Mr Ferguson said he was concerned an attempt by The Greens in NSW to get poker machine regulations changed was an attack on ‘low-hanging fruit’ and wouldn’t address the whole industry.
He said there was the danger some gamblers would just look at other options to gamble if poker machines weren’t as readily available.
“I appreciate the political thrust is a ban on poker machines. It started with Xenophon, Wilkie and others saying ‘ban pokies, they are the nastiest things in the world’,” Mr Ferguson said.
“My argument is that poker machines are in licensed premises where they can be monitored, the state government is a shareholder and the figures are available, we know how much people are gambling.
“Under ClubGRANTS, a significant amount of comes back into the community.”

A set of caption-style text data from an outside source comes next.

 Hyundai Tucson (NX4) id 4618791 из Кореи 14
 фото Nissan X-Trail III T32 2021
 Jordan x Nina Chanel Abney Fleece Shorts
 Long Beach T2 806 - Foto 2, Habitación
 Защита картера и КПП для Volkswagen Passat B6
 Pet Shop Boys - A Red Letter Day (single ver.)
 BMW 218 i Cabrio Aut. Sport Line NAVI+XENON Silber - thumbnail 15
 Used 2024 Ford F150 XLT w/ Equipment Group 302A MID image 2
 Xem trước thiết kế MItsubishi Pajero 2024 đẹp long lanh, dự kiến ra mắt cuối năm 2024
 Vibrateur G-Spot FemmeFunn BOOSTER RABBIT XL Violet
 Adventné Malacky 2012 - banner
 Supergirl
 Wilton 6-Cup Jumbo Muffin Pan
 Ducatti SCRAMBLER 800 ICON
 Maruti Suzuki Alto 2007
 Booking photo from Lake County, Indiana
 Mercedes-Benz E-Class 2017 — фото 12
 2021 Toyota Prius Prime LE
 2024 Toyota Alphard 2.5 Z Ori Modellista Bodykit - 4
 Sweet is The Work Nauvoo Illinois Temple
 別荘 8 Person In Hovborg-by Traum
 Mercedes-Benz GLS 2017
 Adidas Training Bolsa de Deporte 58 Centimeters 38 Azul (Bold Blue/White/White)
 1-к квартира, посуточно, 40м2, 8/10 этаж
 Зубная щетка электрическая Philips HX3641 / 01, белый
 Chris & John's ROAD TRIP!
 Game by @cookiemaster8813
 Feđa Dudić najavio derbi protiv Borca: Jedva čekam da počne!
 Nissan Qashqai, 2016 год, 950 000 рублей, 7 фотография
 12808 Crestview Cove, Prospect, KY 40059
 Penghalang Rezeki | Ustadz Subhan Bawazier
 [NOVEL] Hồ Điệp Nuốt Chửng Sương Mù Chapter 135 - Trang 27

Mr Ferguson said money from the likes of the TAB did flow back to venues in local communities such as local race clubs but when it came to online sports betting companies, the money was channeled out and gave no benefit.
And he said unlike poker machines, which were given no advertising, online gambling agencies were infamous for their adverts.
“They are advertising on TV, radio and other mechanisms and they offer odds on everything from when someone will die to the fifth at Doomben, and anything in between,” he said.
“People can gamble from anywhere and I’m concerned that people under the age of 18 would also be able to access it.”
Mr Ferguson said Lifeline found about 2 per cent of all gamblers were problem gamblers, which by definition were people who suffered an addictive psychological problem
“Some people have an addiction to alcohol, some have an addiction to drugs and some have that addiction to gambling,” he said.
“The classic gambler uses two or three forms of gambling rather than limit themselves to one so to restrict government action to one form doesn’t make sense.”
The Greens spokesman for Gambling Harm Justin Field said he didn’t think Mr Ferguson’s representation was acute. He said the evidence showed that poker machines were worst offender.
“Poker machines are overwhelmingly the largest form of gambling. Three out of four people who are addicted to gambling are addicted to poker machines,” Mr Field said.
“Poker machines are designed to be addictive with the noises and flashing lights and stronger measures are needed to stop them from ruining more lives.”